Problem: Copy the records below in full and leave every image out of the copy.
******
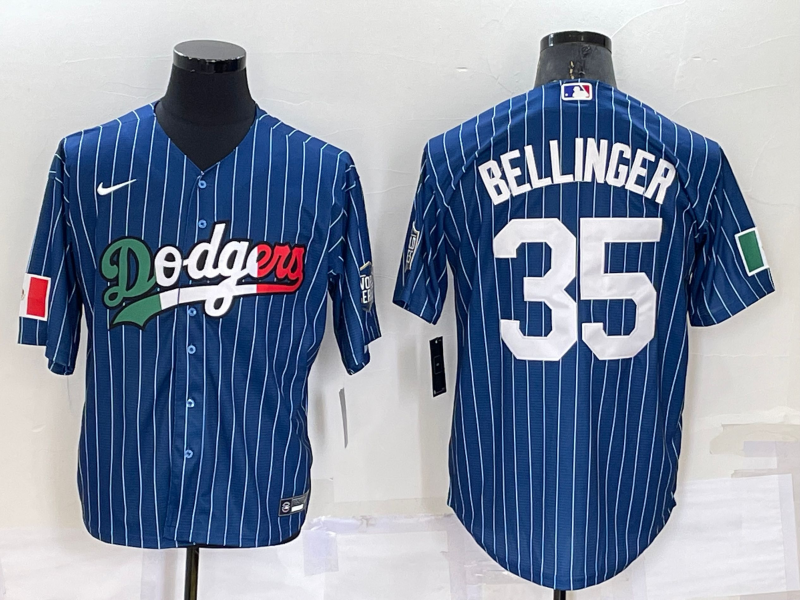 Men's Los Angeles Dodgers Cody Bellinger #35 Blue Stitched Baseball Jersey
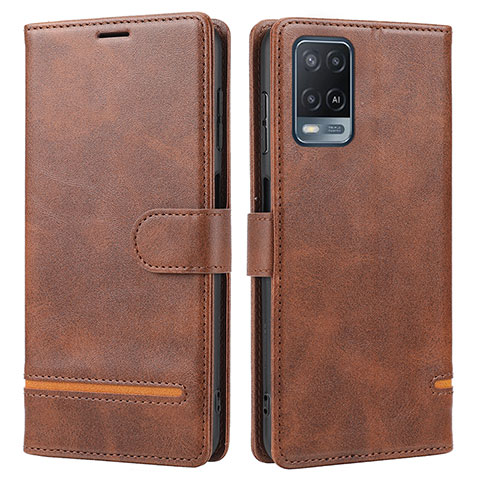 Funda de Cuero Cartera con Soporte Carcasa SY1 para Oppo A54 4G Marron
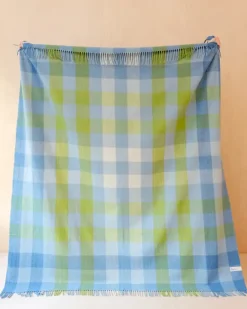 TBco - Recycled Wool Blanket in Blue Gradient Gingham | Blankets, Throws & Cushions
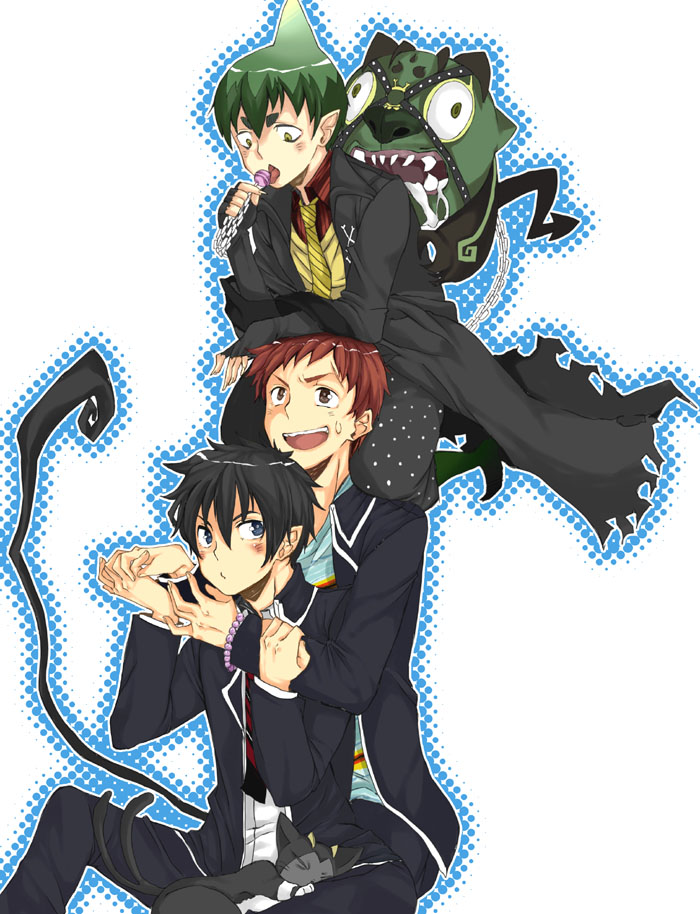 okumura rin, shima renzou, kuro, and amaimon (ao no exorcist) drawn by kutizusami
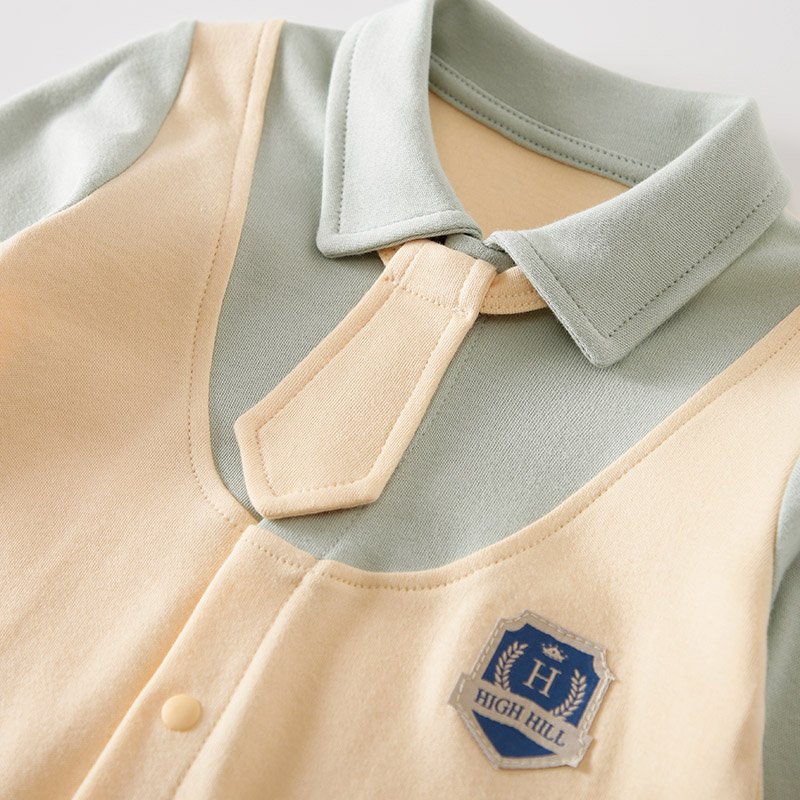 Wholesale turn-down collar Long Sleeve 100%cotton Newborn Baby Clothes Baby Romper Baby Onesie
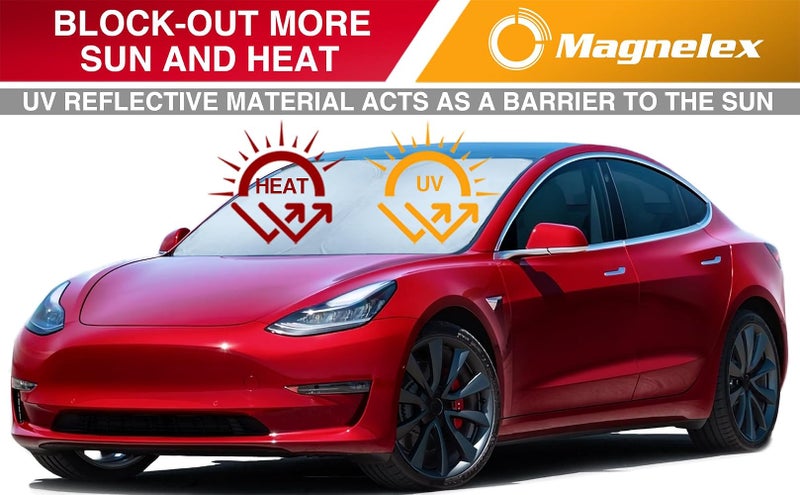 ماغنيليكس مظلة شمسية لزجاج السيارة من Magnelex لطراز Tesla Model 3 Model Y مصنوعة من مادة عاكسة 240T مزودة بفتحة مرآة. مظلة شمسية لطراز Tesla Model 3 و Tesla Model Y قابلة للطي. - Image 3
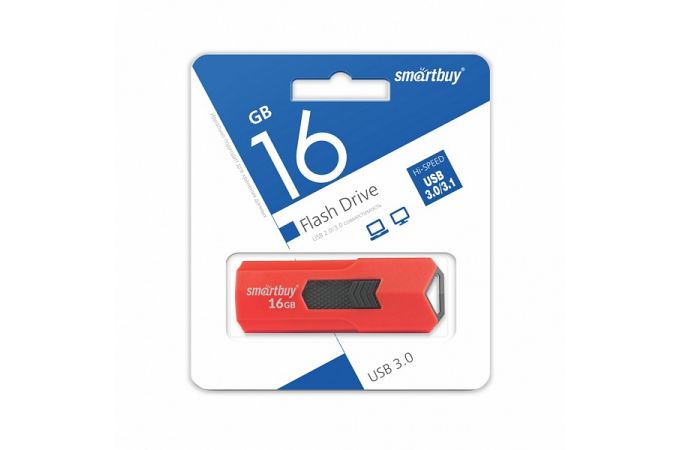 Флешка USB 3.0 Smartbuy 16GB STREAM Red (SB16GBST-R3)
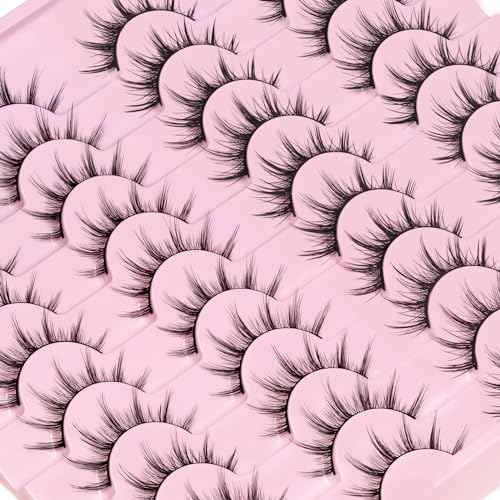 Losha Manga Lashes Natural Look Wispy False Eyelashes 20 Pairs 2 Styles Mixed Soft Fake Eye Lashes Pack Vegan Asian Anime Eyelashes (20P-Manga)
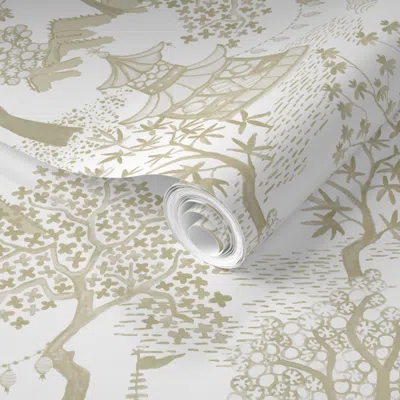 Spoonflower Pre-pasted Wallpaper Pagoda Forest In Cream And Tans 2' X 12' Removable In Multi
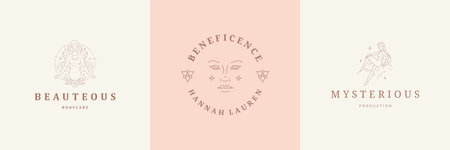 Feminine logos emblems design templates set with magic female vector illustrations minimal linear style.のイラスト素材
******
Exercise output:
 Men's Los Angeles Dodgers Cody Bellinger #35 Blue Stitched Baseball Jersey
 Funda de Cuero Cartera con Soporte Carcasa SY1 para Oppo A54 4G Marron
 TBco - Recycled Wool Blanket in Blue Gradient Gingham | Blankets, Throws & Cushions
 okumura rin, shima renzou, kuro, and amaimon (ao no exorcist) drawn by kutizusami
 Wholesale turn-down collar Long Sleeve 100%cotton Newborn Baby Clothes Baby Romper Baby Onesie
 ماغنيليكس مظلة شمسية لزجاج السيارة من Magnelex لطراز Tesla Model 3 Model Y مصنوعة من مادة عاكسة 240T مزودة بفتحة مرآة. مظلة شمسية لطراز Tesla Model 3 و Tesla Model Y قابلة للطي. - Image 3
 Флешка USB 3.0 Smartbuy 16GB STREAM Red (SB16GBST-R3)
 Losha Manga Lashes Natural Look Wispy False Eyelashes 20 Pairs 2 Styles Mixed Soft Fake Eye Lashes Pack Vegan Asian Anime Eyelashes (20P-Manga)
 Spoonflower Pre-pasted Wallpaper Pagoda Forest In Cream And Tans 2' X 12' Removable In Multi
 Feminine logos emblems design templates set with magic female vector illustrations minimal linear style.のイラスト素材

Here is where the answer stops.